Cet arrêt confirme que, bien que les procédures administratives d’enforcement ne représentent pas des accusations en matière pénale (ATF 142 II 243, c. 3.4, commenté in Abrar, cdbf.ch/946/), elles peuvent revêtir un caractère civil et dès lors être soumises au respect du volet civil de l’art. 6 par. 1 CEDH. C’est à notre connaissance la première fois que le Tribunal fédéral a l’occasion de l’affirmer (du moins, si clairement). Le même sort devrait, à notre avis, être réservé au prononcé d’une interdiction d’exercer et/ou de pratiquer (art. 33 et 33a LFINMA).

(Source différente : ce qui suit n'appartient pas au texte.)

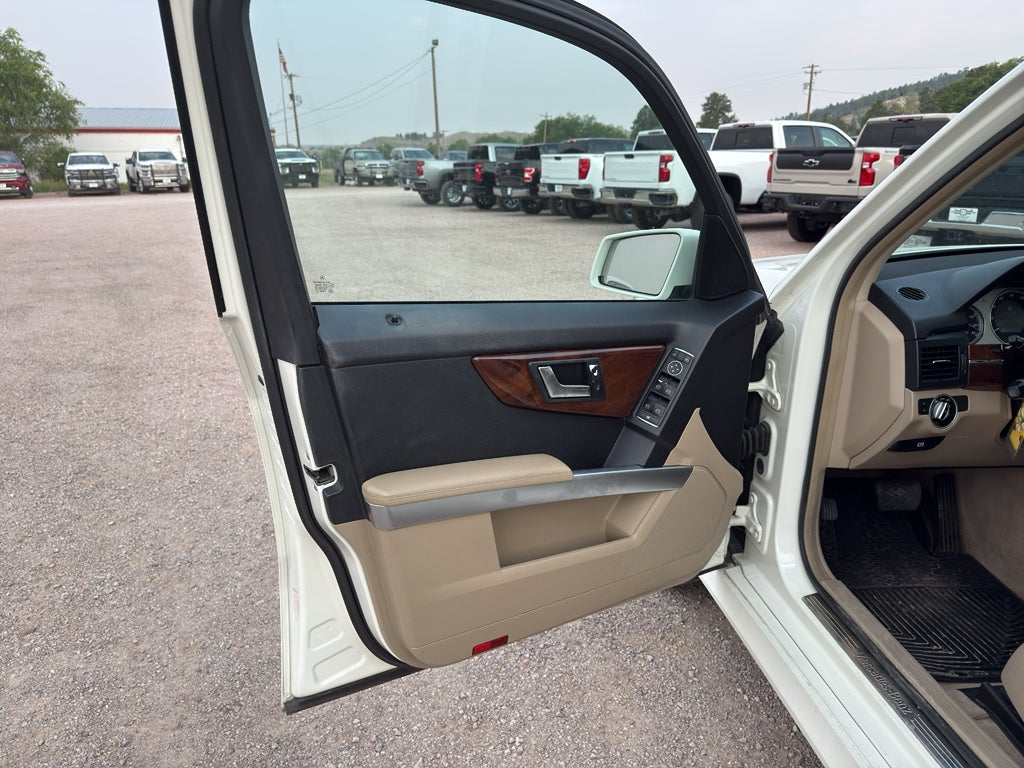 2012 Mercedes-Benz GLK GLK 350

Un autre enseignement peut être retenu de cet arrêt, cette fois au sujet de l’intérêt digne de protection au recours. En résumé, la période de retrait de l’agrément était arrivée à échéance avant que le Tribunal fédéral ne rende sa décision. Se posait donc la question de l’intérêt actuel et concret du réviseur à voir son recours traité. Bien que la sanction ait déjà pris fin, le Tribunal fédéral retient que le concerné conserve un intérêt à ce que la légalité du retrait de l’agrément soit examinée. Celle-ci est en effet susceptible de causer un préjudice réputationnel qui persiste au-delà de l’expiration de la sanction. À nouveau, ce raisonnement devrait s’appliquer mutatis mutandis à une interdiction d’exercer ou de pratiquer prononcée par la FINMA (dans ce sens également, Zulauf, cdbf.ch/1006/).